Problem to work on - A faithful, complete transcript of the entries below, without pictures, should be returned.

Listed entries -
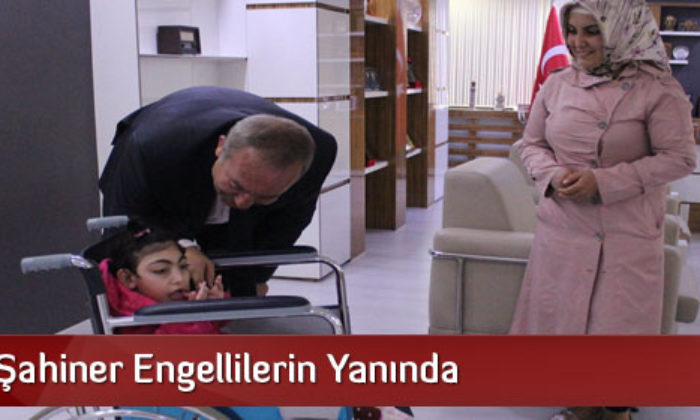 Başkan Şahiner Engellilerin Yanında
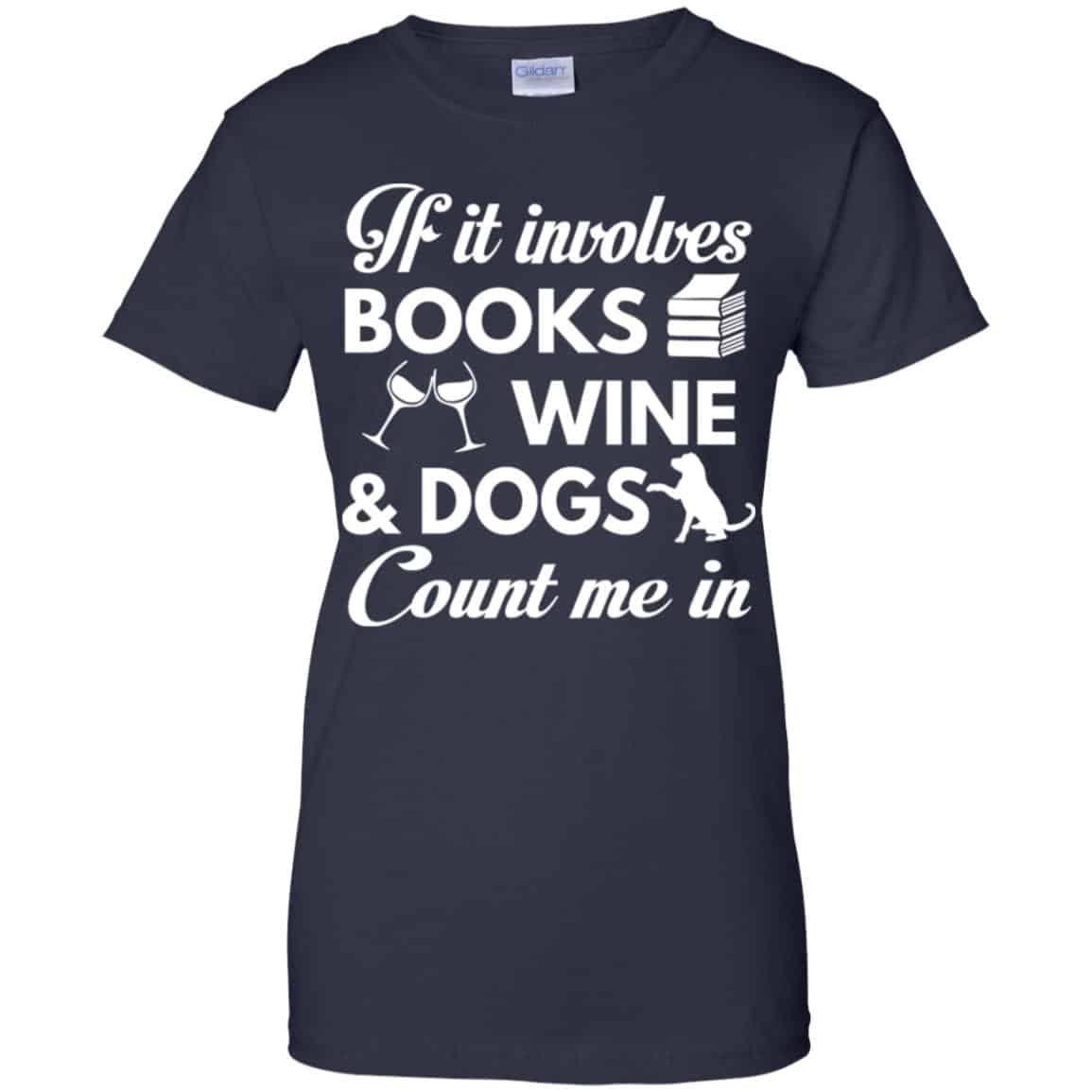 If it Involves Books Wine Dogs Count Me In Shirt, Hoodie, Tank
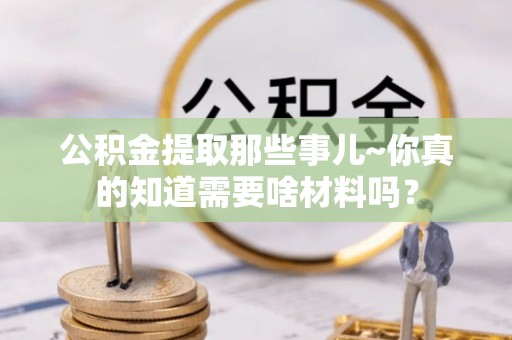 城固公积金提取那些事儿~你真的知道需要啥材料吗？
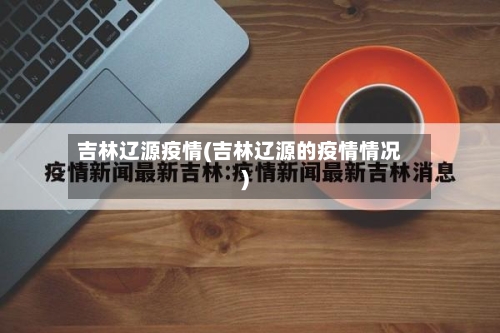 吉林辽源疫情(吉林辽源的疫情情况)-第1张图片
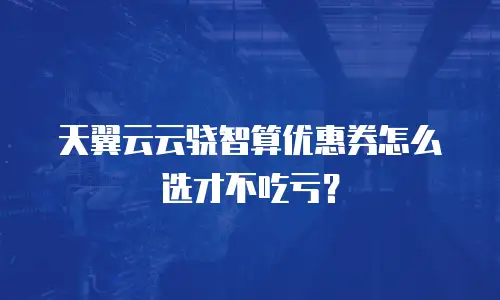 天翼云云骁智算优惠券怎么选才不吃亏？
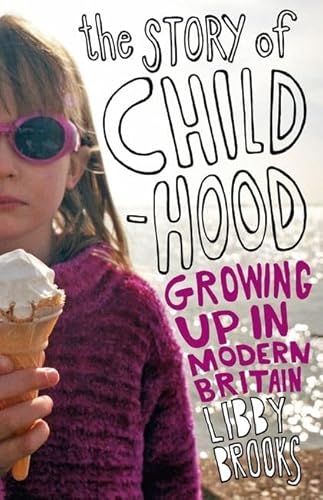 Imagen de archivo de The Story of Childhood: Growing Up in Modern Britain a la venta por AwesomeBooks
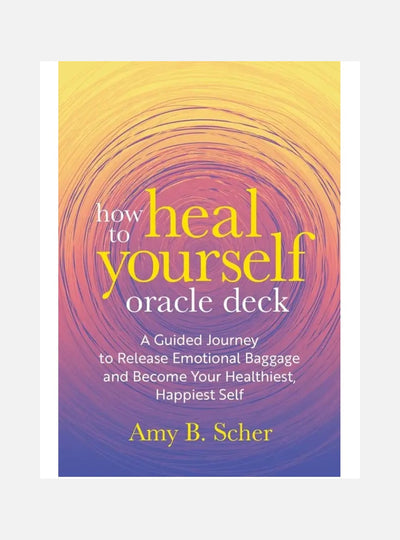 How to Heal Yourself Oracle Deck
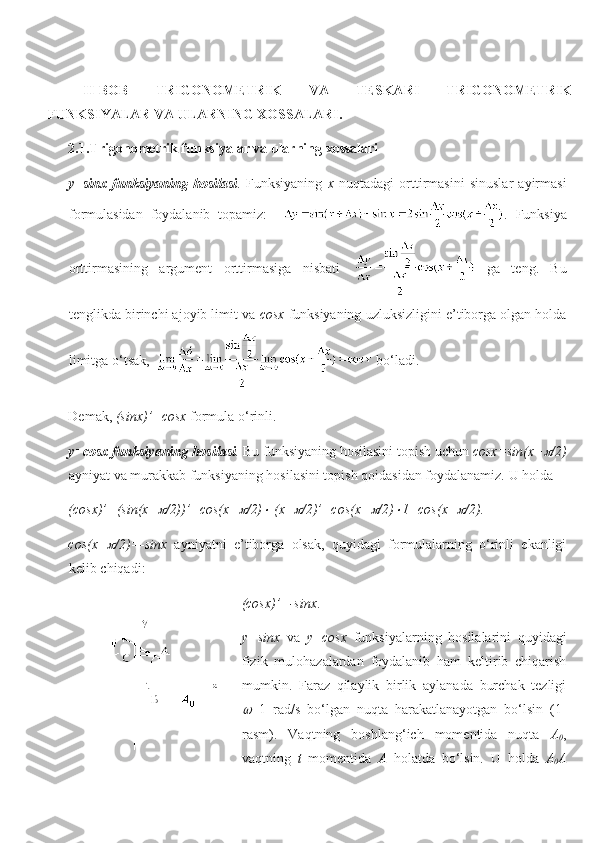 II-BOB   TRIGONOMETRIK   VA   TESKARI   TRIGONOMETRIK
FUNKSIYALAR VA ULARNING XOSSALARI.
2.1.Trigonometrik funksiyalar va ularning xossalari
y=sinx   funksiyaning   hosilasi .   Funksiyaning   x   nuqtadagi   orttirmasini   sinuslar   ayirmasi
formulasidan   foydalanib   topamiz:     .   Funksiya
orttirmasining   argument   orttirmasiga   nisbati     ga   teng.   Bu
tenglikda birinchi ajoyib limit va  cosx  funksiyaning uzluksizligini e’tiborga olgan holda
limitga o‘tsak,    bo‘ladi.
Demak,  (sinx)’=cosx  formula o‘rinli. 
y=cosx funksiyaning  hosilasi .  Bu funksiyaning hosilasini topish uchun  cosx=sin(x+ /2)
ayniyat va murakkab funksiyaning hosilasini topish qoidasidan foydalanamiz.  U holda 
(cosx)’=(sin(x+	
 /2))’=cos(x+	 /2)	  (x+	 /2)’=cos(x+	 /2)	 1=cos(x+	 /2).
cos(x+	
 /2)=-sinx   ayniyatni   e’tiborga   olsak,   quyidagi   formulalarning   o‘rinli   ekanligi
kelib chiqadi:
(cosx)’=-sinx .
y=sinx   va   y=cosx   funksiyalarning   hosilalarini   quyidagi
fizik   mulohazalardan   foydalanib   ham   keltirib   chiqarish
mumkin.   Faraz   qilaylik   birlik   aylanada   burchak   tezligi	

=1   rad/s   bo‘lgan   nuqta   harakatlanayotgan   bo‘lsin   (1-
rasm).   Va q tning   boshlang‘ich   momentida   nuqta   A
0 ,
vaqtning   t   momentida   A   holatda   bo‘lsin.   U   holda   A
0 A 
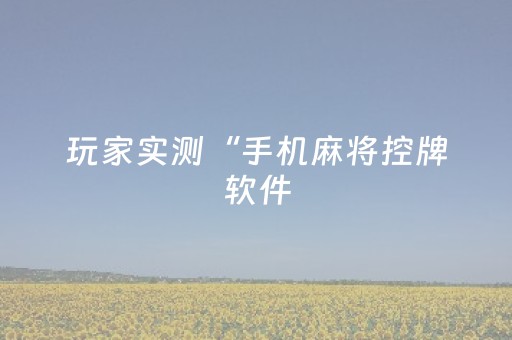 玩家实测“手机麻将控牌软件（专用辅牌神器免安装）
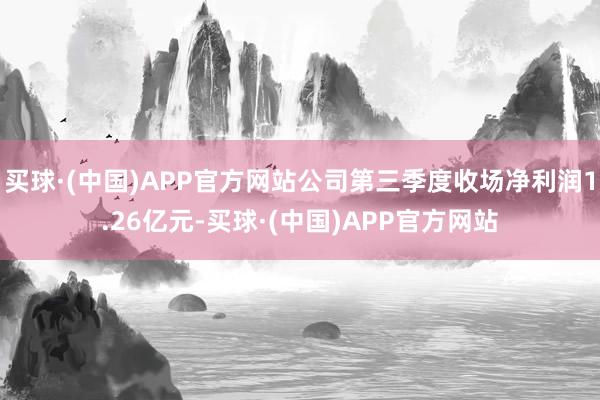 买球·(中国)APP官方网站公司第三季度收场净利润1.26亿元-买球·(中国)APP官方网站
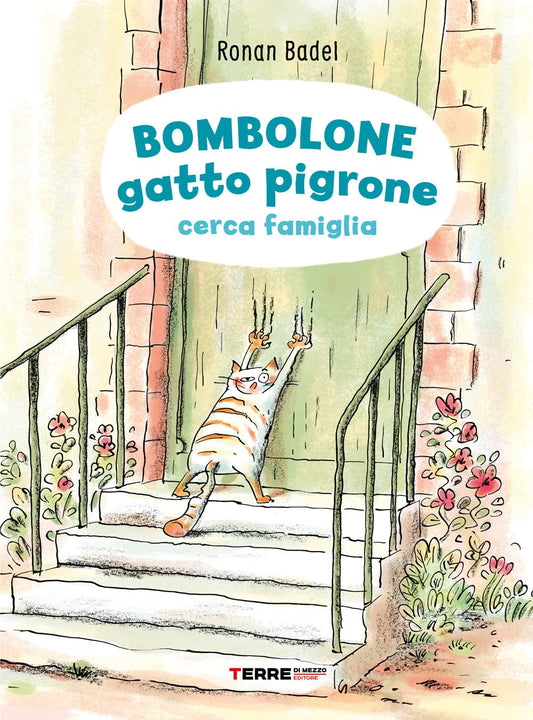 BOMBOLONE GATTO PIGRONE: CERCA FAMIGLIA • R. Badel, G. Sartori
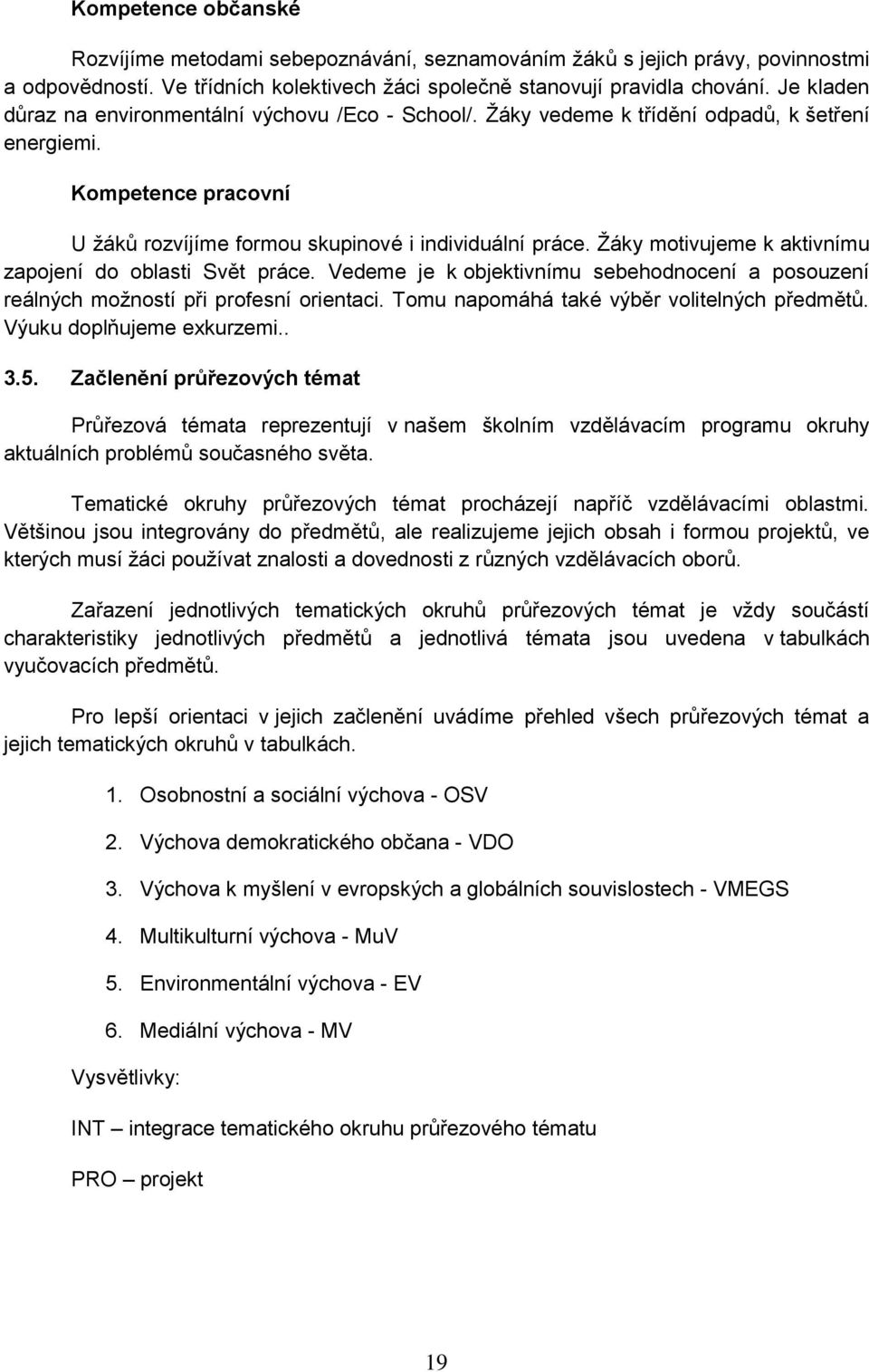 Žáky motivujeme k aktivnímu zapojení do oblasti Svět práce. Vedeme je k objektivnímu sebehodnocení a posouzení reálných možností při profesní orientaci. Tomu napomáhá také výběr volitelných předmětů.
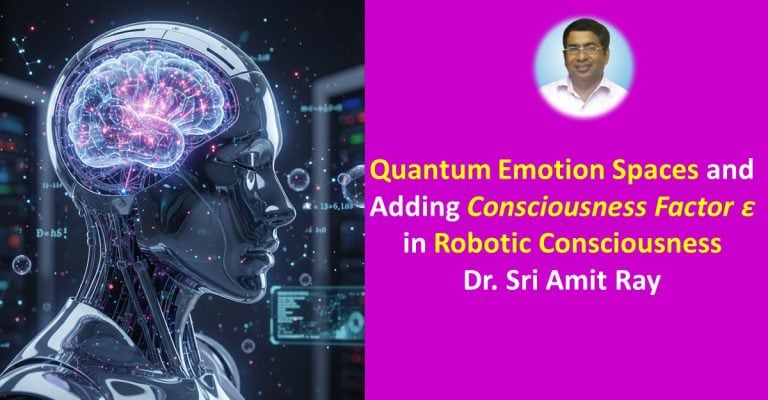 Quantum Emotion Spaces and Adding Consciousness Factor ε in Robotic Consciousness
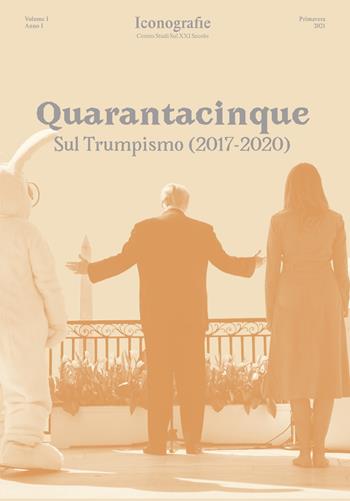 Quarantacinque. Sul Trumpismo (2017-2020)  - Libro Edizioni Iconografie 2025 | Libraccio.it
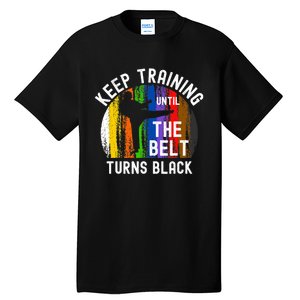 Keep Training Until Belt Turns Black Karate Taekwondo Judo Tall T-Shirt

Answer to the exercise -
 Başkan Şahiner Engellilerin Yanında
 If it Involves Books Wine Dogs Count Me In Shirt, Hoodie, Tank
 城固公积金提取那些事儿~你真的知道需要啥材料吗？
 吉林辽源疫情(吉林辽源的疫情情况)-第1张图片
 天翼云云骁智算优惠券怎么选才不吃亏？
 Imagen de archivo de The Story of Childhood: Growing Up in Modern Britain a la venta por AwesomeBooks
 How to Heal Yourself Oracle Deck
 II-BOB   TRIGONOMETRIK   VA   TESKARI   TRIGONOMETRIK
FUNKSIYALAR VA ULARNING XOSSALARI.
2.1.Trigonometrik funksiyalar va ularning xossalari
y=sinx   funksiyaning   hosilasi .   Funksiyaning   x   nuqtadagi   orttirmasini   sinuslar   ayirmasi
formulasidan   foydalanib   topamiz:     .   Funksiya
orttirmasining   argument   orttirmasiga   nisbati     ga   teng.   Bu
tenglikda birinchi ajoyib limit va  cosx  funksiyaning uzluksizligini e’tiborga olgan holda
limitga o‘tsak,    bo‘ladi.
Demak,  (sinx)’=cosx  formula o‘rinli. 
y=cosx funksiyaning  hosilasi .  Bu funksiyaning hosilasini topish uchun  cosx=sin(x+ /2)
ayniyat va murakkab funksiyaning hosilasini topish qoidasidan foydalanamiz.  U holda 
(cosx)’=(sin(x+	
 /2))’=cos(x+	 /2)	  (x+	 /2)’=cos(x+	 /2)	 1=cos(x+	 /2).
cos(x+	
 /2)=-sinx   ayniyatni   e’tiborga   olsak,   quyidagi   formulalarning   o‘rinli   ekanligi
kelib chiqadi:
(cosx)’=-sinx .
y=sinx   va   y=cosx   funksiyalarning   hosilalarini   quyidagi
fizik   mulohazalardan   foydalanib   ham   keltirib   chiqarish
mumkin.   Faraz   qilaylik   birlik   aylanada   burchak   tezligi	

=1   rad/s   bo‘lgan   nuqta   harakatlanayotgan   bo‘lsin   (1-
rasm).   Va q tning   boshlang‘ich   momentida   nuqta   A
0 ,
vaqtning   t   momentida   A   holatda   bo‘lsin.   U   holda   A
0 A 
 玩家实测“手机麻将控牌软件（专用辅牌神器免安装）
 买球·(中国)APP官方网站公司第三季度收场净利润1.26亿元-买球·(中国)APP官方网站
 BOMBOLONE GATTO PIGRONE: CERCA FAMIGLIA • R. Badel, G. Sartori
 Žáky motivujeme k aktivnímu zapojení do oblasti Svět práce. Vedeme je k objektivnímu sebehodnocení a posouzení reálných možností při profesní orientaci. Tomu napomáhá také výběr volitelných předmětů.
 Quantum Emotion Spaces and Adding Consciousness Factor ε in Robotic Consciousness
 Quarantacinque. Sul Trumpismo (2017-2020)  - Libro Edizioni Iconografie 2025 | Libraccio.it
 Keep Training Until Belt Turns Black Karate Taekwondo Judo Tall T-Shirt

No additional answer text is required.